US Government halves deadline for applying critical patches to 15 days
US federal agencies must fix their security bugs more quickly under new rules issued by the Department of Homeland Security (DHS) this week. The rules also expand the scope of bugs that agencies must pay attention to.
The Cybersecurity and Infrastructure Security Agency (CISA), which is a branch of the DHS dealing with cybersecurity, issued the rules in the form of a new Binding Operational Directive (BOD) this week. BODs are rules that federal agencies must follow. Called BOD 19-02, it tightens requirements for federal agencies to fix the vulnerabilities that the DHS finds.
The DHS regularly scans federal agency systems to try and find vulnerabilities.
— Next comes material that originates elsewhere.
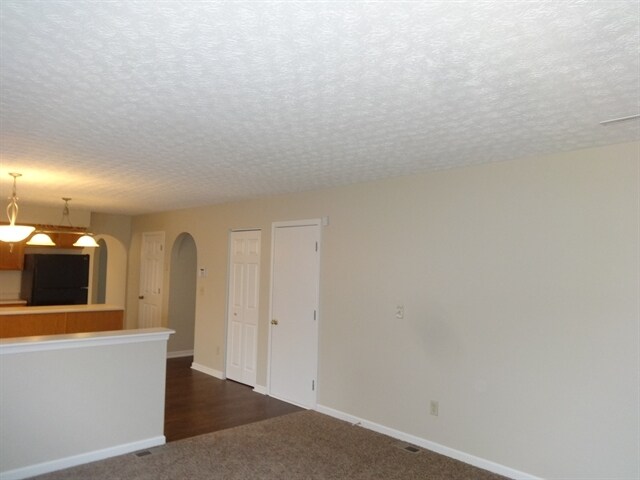 Building Photo - 7066 Bryemar Dr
Called the Cyber Hygiene scan, this practice generates a weekly report that the DHS sends to agencies.
The new directive supersedes BOD 15-01, which forced federal agencies to review and remediate critical vulnerabilities on internet-facing systems within 30 days of their weekly Cyber Hygiene report. BOD 15-01 led to a “substantial decrease” in the number of critical vulnerabilities over 30 calendar days, according to the DHS.
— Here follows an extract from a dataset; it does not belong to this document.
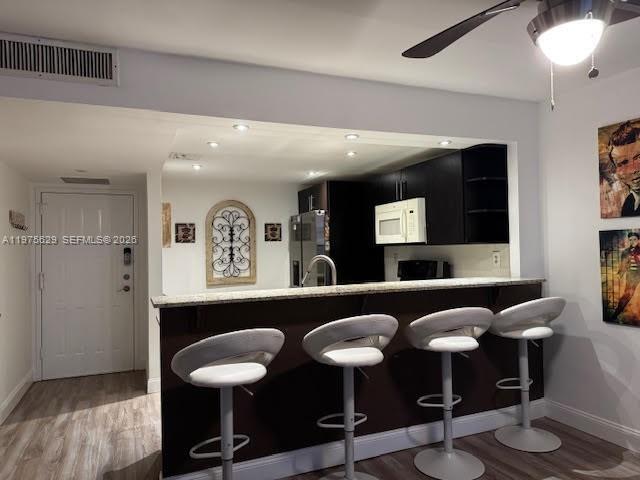 Building Photo - 400 Leslie Dr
BOD 19-02 ups the ante. It forces agencies to remediate critical vulnerabilities within 15 calendar days of detection. They must also now fix high vulnerabilities within 30 calendar days. CISA measures vulnerabilities according to the National Institute of Standards and Technology’s Common Vulnerability Scoring System (CVSS).
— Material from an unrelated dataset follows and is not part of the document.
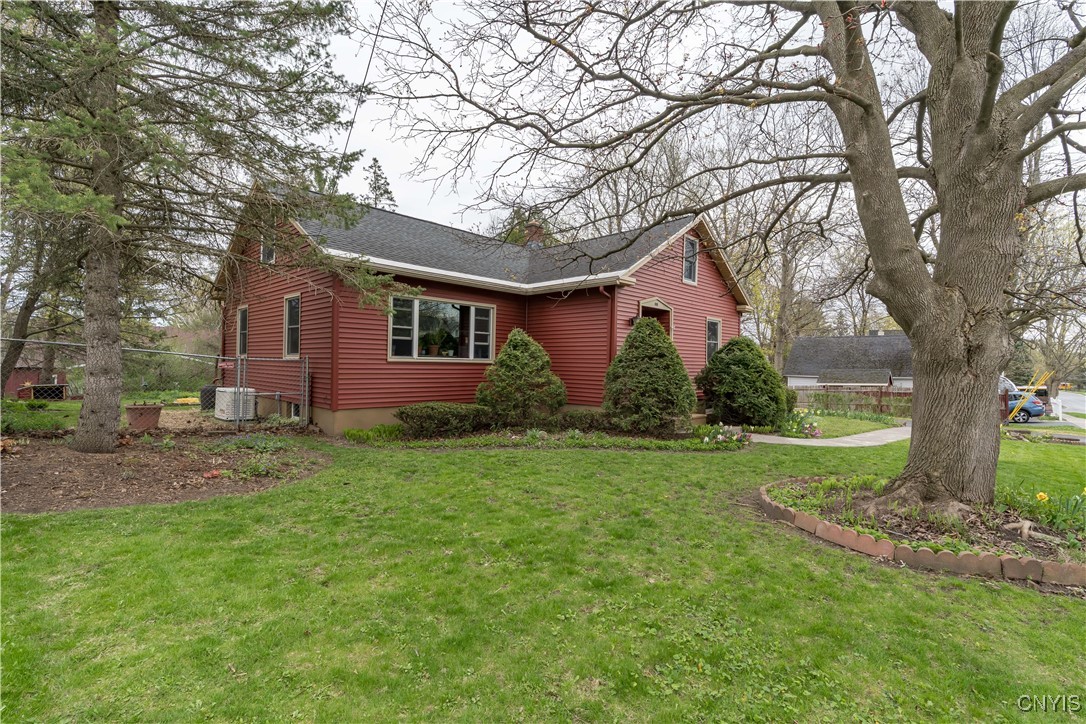 photo undefined: 1031 Sherman Street, Watertown City NY 13601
CISA outlined the reason for the move in an announcement detailing its plans:
Recent reports from government and industry partners indicate that the average time between discovery and exploitation of a vulnerability is decreasing as today’s adversaries are more skilled, persistent, and able to exploit known vulnerabilities.
If agencies don’t fix the bugs by the deadlines, the CISA will send a skeleton remediation plan listing the vulnerabilities to fix, which the agency in question must fill out and return within three working days. It will also engage senior officials at the agency such as the CISO and CIO, and will keep tracking the vulnerabilities with each Cyber Hygiene scan.
Agencies can also expect their performance to show up on the Federal Cyber Exposure Scorecard (FCES) which in March began showing high vulnerability counts in addition to critical ones. The CISA will report monthly to the Office Of Management And Budget (OMB) to identify and target repeat offenders, facilitating “attentional policy and/or budget-related actions and remedies”.
The missive is the second BOD from CISA this year. It issued the first, BOD 19-01, in January. It directly addressed news of DHS hijacking attacks, forcing agencies to audit their DNS records, change DNS account access passwords, and instigate multi-factor authentication.